The update involves a foundational redesign in architecture, separating consensus from execution processes. Supernova builds on sharding by allowing transactions within each shard to be processed more efficiently and maximize the hardware’s capacity. This will be done by running block proposers and verifiers in parallel, along with adjustments to block execution, equivalent proofs, early block proposals, and scheduled transactions.

Sharding is the backbone of MultiversX’s ability to scale, and future upgrades plan to enhance its sharded architecture. The finality improvements, faster block times, and parallel processing all rely on optimizing how shards operate individually and collectively.

Roadmap

In October, the team wrote a blog post clarifying different roles and responsibilities across MultiversX, as well as some project updates and long-term objectives.

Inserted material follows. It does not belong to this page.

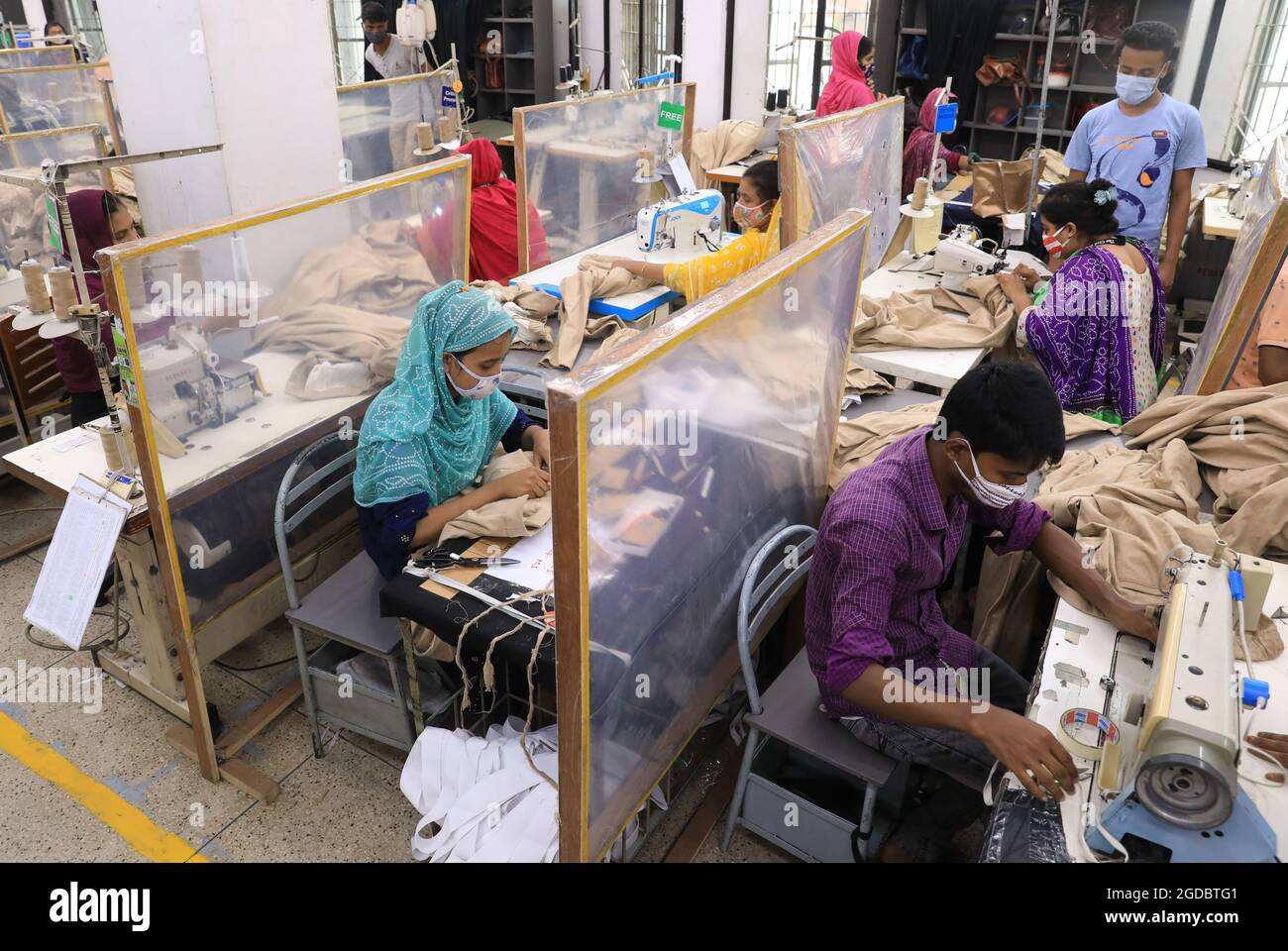 Dhaka bangladesh august 2021 hi-res stock photography and images - Alamy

Clarification of Roles and Structure:

  • MultiversX Network: The decentralized blockchain infrastructure.
  • MultiversX Foundation: Focuses on awareness and adoption, operating as a non-profit.
  • MultiversX Labs: Develops core technology, incubates products, and operates for-profit.
  • New Leadership: The Foundation seeks a well-connected President to drive ecosystem expansion.

Side Projects Review and Adjustments:

  • xWorlds: Halted due to high costs and technology limitations; potential re-evaluation in the future.
  • xFabric: Temporarily paused due to resource constraints; potential re-evaluation later.
  • xExchange: Fully independent setup with new leadership; focus on 10x growth in volume, users, and value.
  • xLaunchpad: Now self-sustaining, with a separate entity and leadership, targeting 3–5x growth in new startups and ecosystem expansion.
  • xMoney: Undergoing restructuring with new leadership and a strategic investment round to optimize its payments infrastructure.
  • xPortal: Ready for its first funding round, with a new independent setup focused on marketing, user growth, and revenue acceleration.
  • xDay: Transitioning into a self-sustaining event, starting with xDay Global South Korea in 2025.

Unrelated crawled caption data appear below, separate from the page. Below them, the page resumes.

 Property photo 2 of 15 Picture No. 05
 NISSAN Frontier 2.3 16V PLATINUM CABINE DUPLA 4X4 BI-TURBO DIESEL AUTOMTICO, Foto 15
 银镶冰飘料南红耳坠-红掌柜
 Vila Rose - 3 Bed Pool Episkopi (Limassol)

Additionally, The MultiversX Foundation established a 5-part general strategy for MultiversX.

  1. Build a hyper-scalable blockchain - The goal is a scalable, fast, secure, and decentralized blockchain for mass adoption, targeting 100K TPS, sub-second finality, 99.99% availability, and $0.002 per transaction. Key drivers include sub-second finality, sovereign chains, and parallel execution for maximum efficiency.
  2. Build a robust developer platform - The goal is to simplify the development of scalable and secure onchain products, targeting 1,000 monthly active builders. Key drivers include refining development tools for faster time to market, expanding educational resources such as tutorials and examples, and enhancing onboarding through xAlliance meetups and community programs.
  3. Create a vibrant ecosystem of apps - The goal is to drive adoption by developing compelling applications for users and businesses, targeting 1 million monthly active addresses. Key drivers include performance-based incentives to attract builders, milestone-based support to help startups scale, and co-incubation with DeFi protocols and partners to foster innovation and growth.
  4. Deep integration of capital markets - The goal is to establish MultiversX and EGLD as a core part of the multichain economy, targeting $1 billion in assets on-platform. Key drivers include incentive programs like Growth Games and the 5 Unicorns initiative, strategic bridge integrations with solutions such as Bridge V3, Axelar, and LayerZero, and integration of a native stablecoin to enhance liquidity and usability.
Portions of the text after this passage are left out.